In theory, the budget is the starting point that outlines overall spending levels and sketches a plan for the next decade. All sides present their proposals in the spring. In a perfect world, the House, Senate and the president would work to find a compromise they can each live with. Then the appropriations committees takes the budget and uses it to write spending bills, each one getting into the weeds of very specific programs and agencies. Those spending bills -- 12 of them in total -- must be passed before the end of September and signed by the president.

That process hasn’t worked in years. Congress largely has abandoned the process of budgeting for the past several years. And instead of passing individual spending bills, Congress has used continuing resolutions and omnibus spending bills to keep the government open.

And if the differences in the three budgets that have been presented this year are any indication, Washington is a long way from finding consensus that will let it reach the ultimate goal of funding the government.

The three documents take drastically different approaches to government spending. House Republicans would cut spending by $5.5 trillion over 10 years. Senate Republicans nix $5.1 trillion over the same time. Obama doesn’t make deep cuts but does find savings in other ways. Senate and House Republicans repeal the Affordable Care Act.

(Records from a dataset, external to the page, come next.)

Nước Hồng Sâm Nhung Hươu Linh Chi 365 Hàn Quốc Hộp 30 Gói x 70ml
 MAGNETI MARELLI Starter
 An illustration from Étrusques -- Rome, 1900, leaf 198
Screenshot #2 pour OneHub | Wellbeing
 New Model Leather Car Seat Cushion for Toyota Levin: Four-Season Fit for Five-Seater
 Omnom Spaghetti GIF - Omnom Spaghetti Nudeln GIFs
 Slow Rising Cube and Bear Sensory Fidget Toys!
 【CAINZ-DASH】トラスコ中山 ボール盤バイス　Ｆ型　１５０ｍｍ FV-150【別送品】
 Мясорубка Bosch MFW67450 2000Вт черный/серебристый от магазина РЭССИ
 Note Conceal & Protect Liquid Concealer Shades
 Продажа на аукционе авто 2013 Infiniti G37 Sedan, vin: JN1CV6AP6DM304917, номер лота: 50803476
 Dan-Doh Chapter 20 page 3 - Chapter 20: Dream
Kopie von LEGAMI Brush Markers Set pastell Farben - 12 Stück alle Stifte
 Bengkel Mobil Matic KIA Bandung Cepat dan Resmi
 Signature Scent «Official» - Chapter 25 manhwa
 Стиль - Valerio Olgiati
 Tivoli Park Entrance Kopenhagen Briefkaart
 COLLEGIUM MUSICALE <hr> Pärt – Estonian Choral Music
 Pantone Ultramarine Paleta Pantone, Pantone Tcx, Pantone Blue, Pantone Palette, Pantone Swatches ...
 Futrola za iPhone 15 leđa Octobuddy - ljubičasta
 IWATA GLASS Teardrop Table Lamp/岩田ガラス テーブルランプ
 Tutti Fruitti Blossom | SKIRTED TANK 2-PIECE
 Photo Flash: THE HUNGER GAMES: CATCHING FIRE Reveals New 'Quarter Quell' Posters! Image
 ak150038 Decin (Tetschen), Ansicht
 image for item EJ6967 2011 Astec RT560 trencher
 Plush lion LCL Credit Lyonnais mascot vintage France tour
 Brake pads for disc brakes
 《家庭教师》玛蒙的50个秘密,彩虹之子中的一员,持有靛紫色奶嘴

Obama, unsurprisingly, keeps the law in place.

Obama took a swipe at the Republican budget proposal in a speech on Wednesday in Cleveland, criticizing the focus on trickle-down economics. "Reality has rendered its judgment. Trickle-down economics doesn’t work. Middle-class economics does,” Obama said. “It doubles down on trickle down.” He added, "We know now that the doom and gloom predictions that justified this budget in the past were wrong. Despite the new evidence, their approach hasn’t changed. “

And Republicans painted their need for changes as crucial to the future of the country.

“Make no mistake, our fiscal outlook is grim and has been ignored for far too long,” Senate Budget Committee Chairman Mike Enzi, R-Wy., said. “But we have a profound moral responsibility to help hardworking taxpayers see the true picture of our country's finances. This is also an opportunity to make significant changes in how we do business in order to safeguard the future for our kids and grandkids.”